It may also have been the easy part.

The judge handling the matter for the state Supreme Court now faces the more daunting task of figuring out how to restore the legal rights of children convicted of serious offenses without endangering the public's safety or creating new problems of restitution or sentencing.

"It's going to be an extraordinarily difficult matter to conclude," Berks County Senior Judge Arthur E. Grim, appointed to review thousands of cases handled by a disgraced Luzerne County judge dating to 2003, said Friday. "At this point, I'm not prepared to tell you what the answer will be, because I don't know."

The former judge, Mark A. Ciavarella Jr., could get more than seven years in federal prison after pleading guilty to fraud and tax charges last month in a scheme with another judge to pocket $2.6 million by stocking private detention centers with young offenders.

Many of the offenders were given very brief hearings without lawyers, then shipped off to camps or detention centers for minor offenses, such as lampooning a teacher or simple assault.

Other youngsters, though, were convicted of more serious offenses, such as car theft, drug dealing and assault — but still may not have been given the benefit of due process and must be addressed. Some victims are wary of how those cases will be handled.

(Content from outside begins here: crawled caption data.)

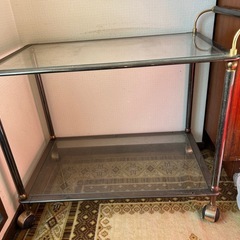 ガラス台のワゴンの画像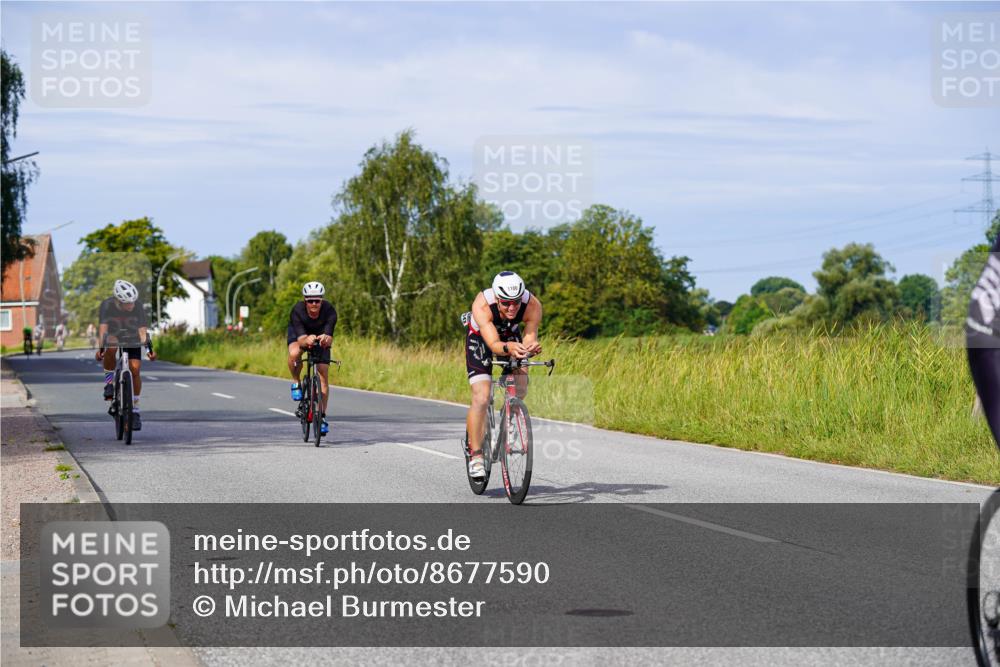 31.08.2025 - Elbe Triathlon Hamburg Michael Burmester http://msf.ph/oto/8677590 31.08.2025 10:30:00 Radfahren 606, 870, 887, 1011, 1155, 1180, 1202 meine-sportfotos.de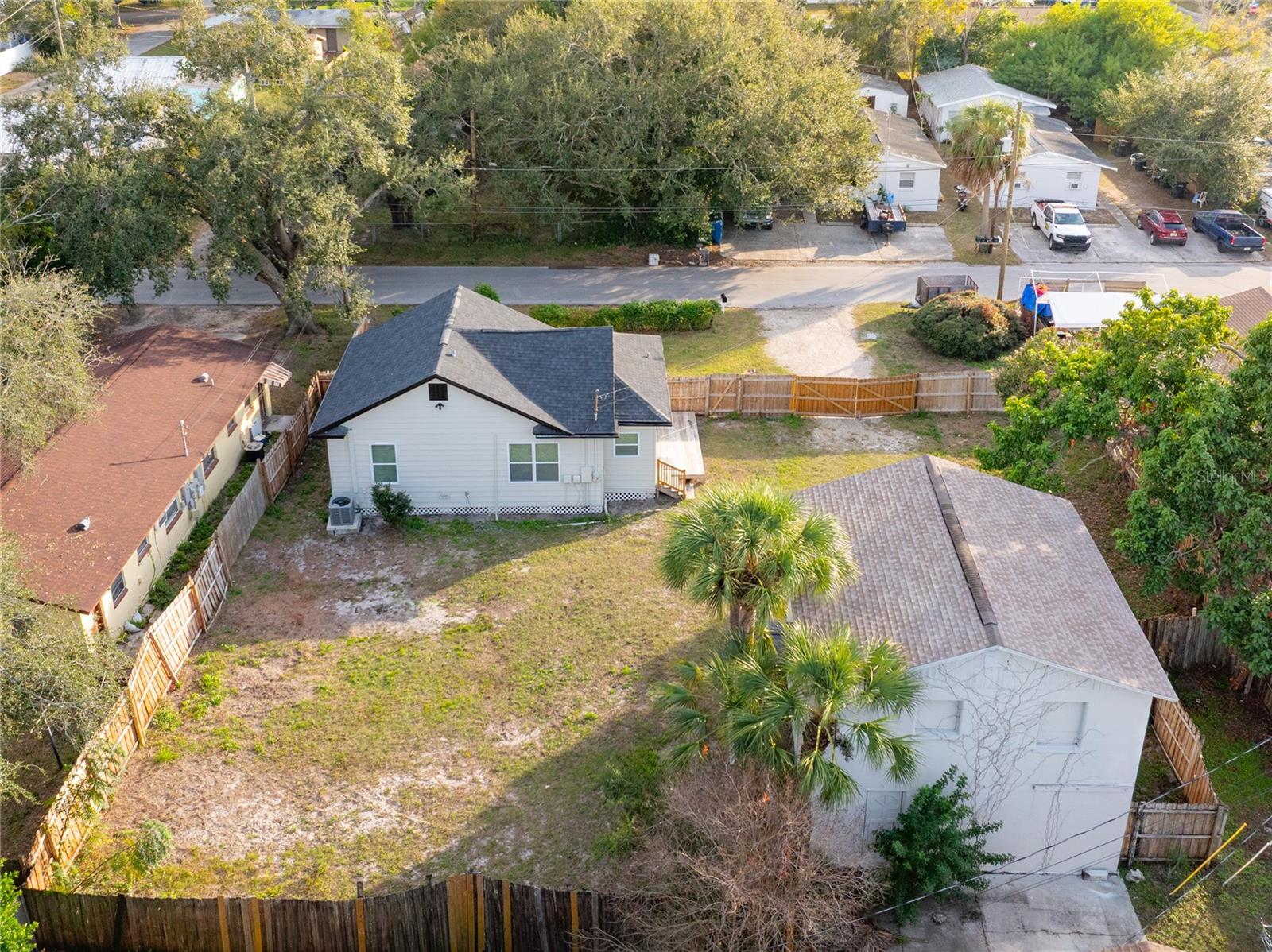 HIGHLAND PARK - Residential Income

After Mike Gunshannon caught a youth trying to break into his car in 2003, police discovered the young burglar in possession of a thick stack of stolen credit cards. The offender went before Ciavarella.

Gunshannon, 53, of Kingston, said many of the kids who landed in the judge's courtroom ultimately deserved what they got — and he fears the victims are being forgotten in the furor over the misconduct.

"If the judge was making his decisions based on personal gain, then he should be locked up for longer than they're giving him. But I don't see these kids necessarily as innocent victims," Gunshannon said. "We've taught children you can violate the rules, and if you (complain) long enough, you can get away with it."

Still, countless questions remain.

Will defendants with voided convictions be allowed to recoup fines, restitution or other payments they have already made? What will happen to adults whose juvenile convictions have affected their subsequent sentencing in adult court?

Should the state simply release seriously troubled children who need substance abuse services or other counseling? How should the rights of crime victims like Gunshannon fit into the picture? Should some defendants get a new trial?

"It's pretty clear that every one of these kids has a right to a retrial," said Robert Schwartz, executive director of the nonprofit Juvenile Law Center in Philadelphia. "But it's also fairly obvious that it's not in the public interest to retry thousands of cases."

The Juvenile Law Center's complaints about injustice in Luzerne County's juvenile court system helped bring the scandal to light. The center has also filed one of the three lawsuits against Ciavarella, retired Luzerne County Judge Michael T. Conahan and others tied to the scandal. Conahan, Ciavarella's co-defendant, also pleaded guilty and awaits federal sentencing.

Grim first must determine which defendants are covered by the state Supreme Court's expungement order, issued Thursday. In the next phase, he will consider cases that involve more serious offenses.

"We think the bulk of the kids up there are entitled to have the records erased and get a fresh start in life," Schwartz said. "But there are going to be some — we don't know how many — where the public safety issues will emerge in a different way and the victim issues will emerge in a different way."

"There are kids who, even though the process may have been tainted, may ultimately have needed the kind of treatment that comes with the juvenile justice system," he said. "It may be they had serious drug and alcohol problems and they're getting treatment for the first time in their lives because they were adjudicated and placed."

Restitution plays an important role in Pennsylvania's juvenile courts and will factor into how the court disposes of the Ciavarella cases, said Jim Anderson, executive director of the state Juvenile Court Judges' Commission.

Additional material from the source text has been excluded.